◆ **What you should do**: Transcribe exactly the lines below that begin at the line with "Toyota RAV4 XLE" and stop after the line with "Ensemble de 6", leaving out every picture.

:: Task data

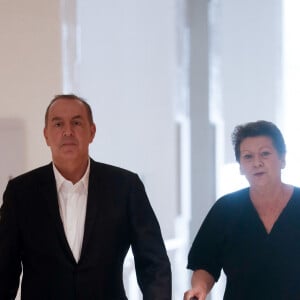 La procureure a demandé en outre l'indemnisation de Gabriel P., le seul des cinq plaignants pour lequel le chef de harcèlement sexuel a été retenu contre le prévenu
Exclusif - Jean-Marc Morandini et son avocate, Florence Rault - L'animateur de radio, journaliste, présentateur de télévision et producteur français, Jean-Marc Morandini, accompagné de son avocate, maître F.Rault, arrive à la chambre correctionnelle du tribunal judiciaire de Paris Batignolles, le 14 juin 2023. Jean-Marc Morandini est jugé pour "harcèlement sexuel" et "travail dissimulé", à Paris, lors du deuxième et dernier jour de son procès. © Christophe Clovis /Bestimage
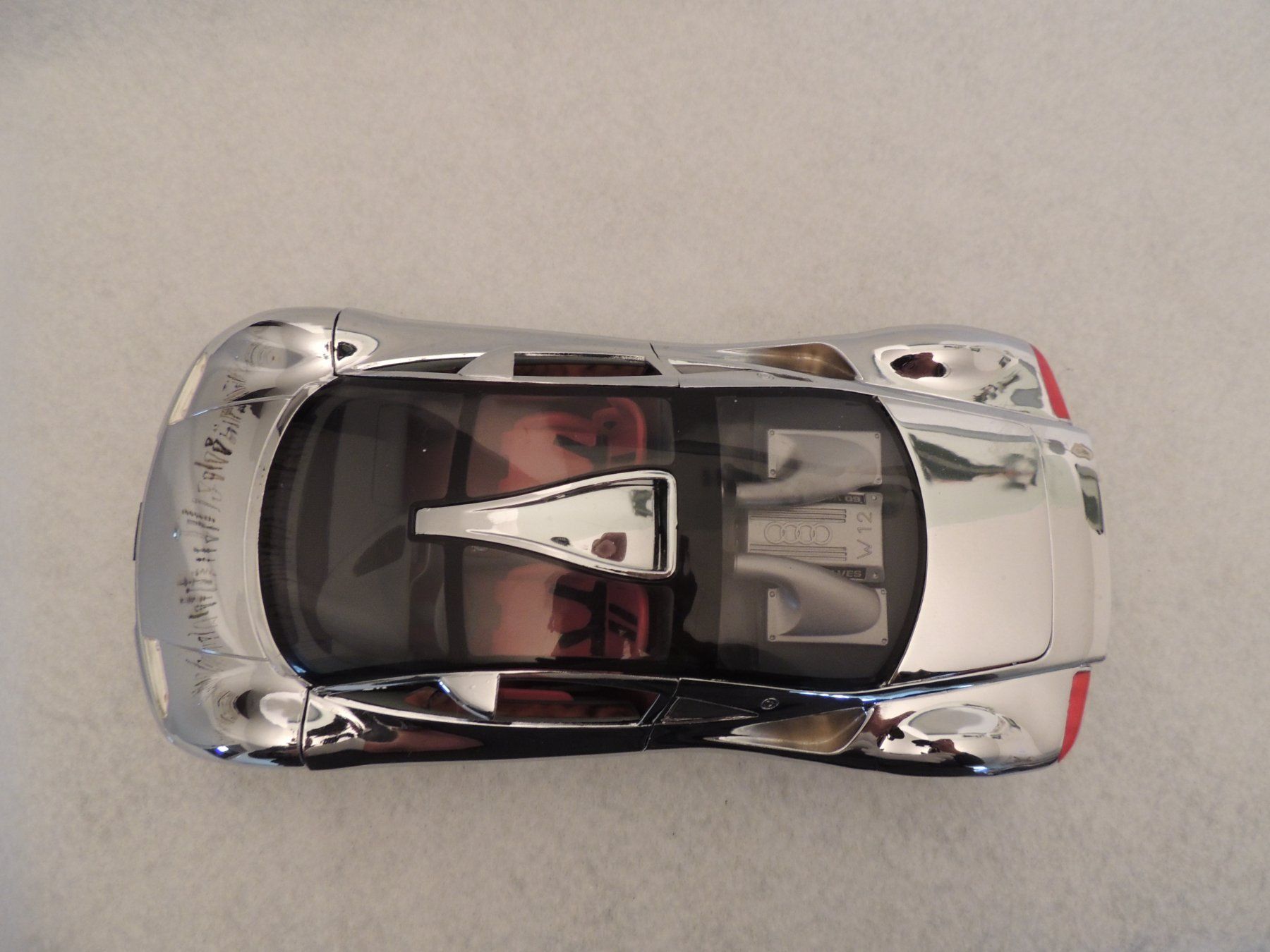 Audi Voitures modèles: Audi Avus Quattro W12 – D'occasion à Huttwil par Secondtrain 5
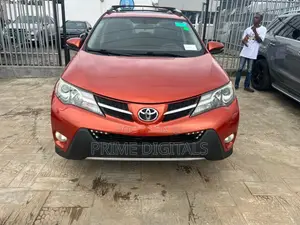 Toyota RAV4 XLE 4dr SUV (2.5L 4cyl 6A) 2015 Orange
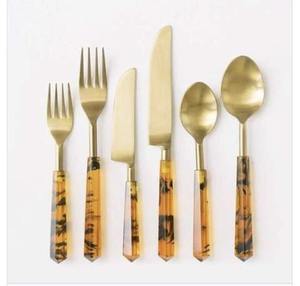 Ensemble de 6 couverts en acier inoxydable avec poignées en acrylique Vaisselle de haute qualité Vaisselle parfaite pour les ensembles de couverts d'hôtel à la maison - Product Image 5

::::
:: Task data

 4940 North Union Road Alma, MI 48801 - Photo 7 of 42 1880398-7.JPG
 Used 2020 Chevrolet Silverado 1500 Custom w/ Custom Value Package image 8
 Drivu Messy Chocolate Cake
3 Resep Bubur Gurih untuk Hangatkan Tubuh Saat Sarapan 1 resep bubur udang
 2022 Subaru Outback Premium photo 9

::::

◆ **Answer to this problem**:
 Toyota RAV4 XLE 4dr SUV (2.5L 4cyl 6A) 2015 Orange
 Ensemble de 6 couverts en acier inoxydable avec poignées en acrylique Vaisselle de haute qualité Vaisselle parfaite pour les ensembles de couverts d'hôtel à la maison - Product Image 5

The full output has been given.